Humanities Core: Winter 2005
Week 8-2

I. THE PROGRAM

II. Questions:

a. Would it be morally wrong for the Core faculty to institute The Program?

b. What if your life would go better than it is going now?

c. What if relations within your household would also be more just?

III. Principle of Sovereignty: A self-governing society has a moral right to be free from intervention by outsiders, even if intervention would make its members better off, or make its internal relations more just.

a. Beitz rejects this principle: a society has no right not to be interfered with by outsiders—no right of sovereignty—unless it is just (or more likely to become just if left alone).

b. Should we accept the Principle of Sovereignty, or not? If not, why? If so, in what sense?

1. If we accept the principle, we might seem to be tolerating injustice that should be resisted.

2. If we reject the principle, as Beitz does, this might seem to justify a new, disrespectful imperialism.

IV. Colonialism

a. Economic competition

b. Colonial populations will be better off

c. Beveridge: “The rule of liberty that all just government derives its authority from the consent of the governed, applies only to those who are capable of self-government” (HCCR, p. 157).

i. Abbot Lawrence Lowell: the Anglo-Saxon race only mastered the “art of self-government” “by centuries of discipline under the supremacy of law” (HCCR, p. 168). Other populations will get there, but it will take time.

ii. No consent

V. Two objections to the Principle of Sovereignty

a. Too weak, because it doesn’t capture rights to national self-determination.

b. Too strong, because it forbids intervention when justice requires it.

VI. The Principle of National Self-Determination: people of common nationality have a right to be a self-governing society, free from interference by people of a different nationality.

a. If a nation now shares a government with another nation, it has a right to secession.

i. “Nation” versus “nation-state”

ii. the BLUES and the PURPLES

b. Principle of Inclusion: any government must extend economic, social, and political rights and opportunities equally to all of its subjects, regardless of regardless of race, ethnicity, nationality, or gender.

c. Beitz: “What is certain is that members of colonized groups have the right to just institutions; whether they have a right of self-determination depends on the extent to which the granting of independence would, in their particular circumstances, help to minimize injustice” (Beitz, p. 102).

d.
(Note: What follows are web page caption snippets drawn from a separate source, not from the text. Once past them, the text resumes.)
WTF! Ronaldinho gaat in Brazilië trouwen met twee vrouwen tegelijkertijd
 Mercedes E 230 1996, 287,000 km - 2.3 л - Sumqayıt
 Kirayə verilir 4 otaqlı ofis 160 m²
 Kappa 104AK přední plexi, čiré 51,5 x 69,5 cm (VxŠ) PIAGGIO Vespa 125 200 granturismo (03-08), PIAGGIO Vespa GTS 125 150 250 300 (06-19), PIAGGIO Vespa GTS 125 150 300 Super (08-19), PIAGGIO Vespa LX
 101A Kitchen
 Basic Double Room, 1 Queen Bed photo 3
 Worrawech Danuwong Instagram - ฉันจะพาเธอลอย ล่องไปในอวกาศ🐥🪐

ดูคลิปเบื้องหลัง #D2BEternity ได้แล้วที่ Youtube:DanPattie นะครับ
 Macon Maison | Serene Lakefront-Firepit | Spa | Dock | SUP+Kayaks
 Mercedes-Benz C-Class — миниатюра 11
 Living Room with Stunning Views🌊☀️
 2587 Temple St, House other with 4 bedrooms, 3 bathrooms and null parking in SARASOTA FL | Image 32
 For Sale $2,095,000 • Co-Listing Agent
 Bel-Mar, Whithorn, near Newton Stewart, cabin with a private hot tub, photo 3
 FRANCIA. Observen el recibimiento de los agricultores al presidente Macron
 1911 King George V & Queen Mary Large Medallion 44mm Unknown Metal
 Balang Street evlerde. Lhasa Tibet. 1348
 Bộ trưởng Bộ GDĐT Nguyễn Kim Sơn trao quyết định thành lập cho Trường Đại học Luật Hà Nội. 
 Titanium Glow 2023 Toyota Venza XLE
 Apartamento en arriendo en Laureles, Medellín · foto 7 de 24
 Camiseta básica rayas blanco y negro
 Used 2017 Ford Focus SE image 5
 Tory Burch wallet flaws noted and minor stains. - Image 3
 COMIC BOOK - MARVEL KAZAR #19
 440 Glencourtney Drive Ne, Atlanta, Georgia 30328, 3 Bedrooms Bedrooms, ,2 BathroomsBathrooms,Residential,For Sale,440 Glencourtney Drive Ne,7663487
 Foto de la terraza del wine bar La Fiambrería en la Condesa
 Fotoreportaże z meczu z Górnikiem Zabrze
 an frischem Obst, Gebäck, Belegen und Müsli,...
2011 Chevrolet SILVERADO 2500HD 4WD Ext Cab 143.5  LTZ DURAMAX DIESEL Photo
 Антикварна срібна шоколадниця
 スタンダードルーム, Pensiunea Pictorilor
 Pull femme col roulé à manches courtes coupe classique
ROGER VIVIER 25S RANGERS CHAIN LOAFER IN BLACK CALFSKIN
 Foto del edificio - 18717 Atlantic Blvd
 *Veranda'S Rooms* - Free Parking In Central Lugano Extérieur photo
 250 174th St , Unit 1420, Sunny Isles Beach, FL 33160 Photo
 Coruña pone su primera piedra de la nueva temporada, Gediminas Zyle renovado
A separate right of national self-determination?

VII. Is the Principle of Sovereignty too strong?

a. Beitz: a society has no right to be free of outside intervention unless and until its arrangements are just.

b. A duty to intervene?

VIII. Why not imperialism?

a. Lowell: colonial rule founded on belief in justice, the belief that “all men are created equal” (HCCR, p. 165). It should govern “with a single eye to their own welfare,” by someone who “can do justice to all the races” (HCCR, p. 169).

b. Beitz: rejects imperial rule on empirical grounds.

i. Lowell: rule by a small minority is “always liable to produce tyrannical abuse” (HCCR, p. 169).

ii. J. S. Mill: people are generally in the best position to determine their own interests (Beitz, p. 84).

iii. Betiz: “the heart of the case against colonialism” is that it tended to make local arrangements more unjust. The “European powers,” created “new social problems, increased distributive inequalities, structural economic distortions… and absolute as well as relative deprivation in the lower classes” (Betiz, p. 101).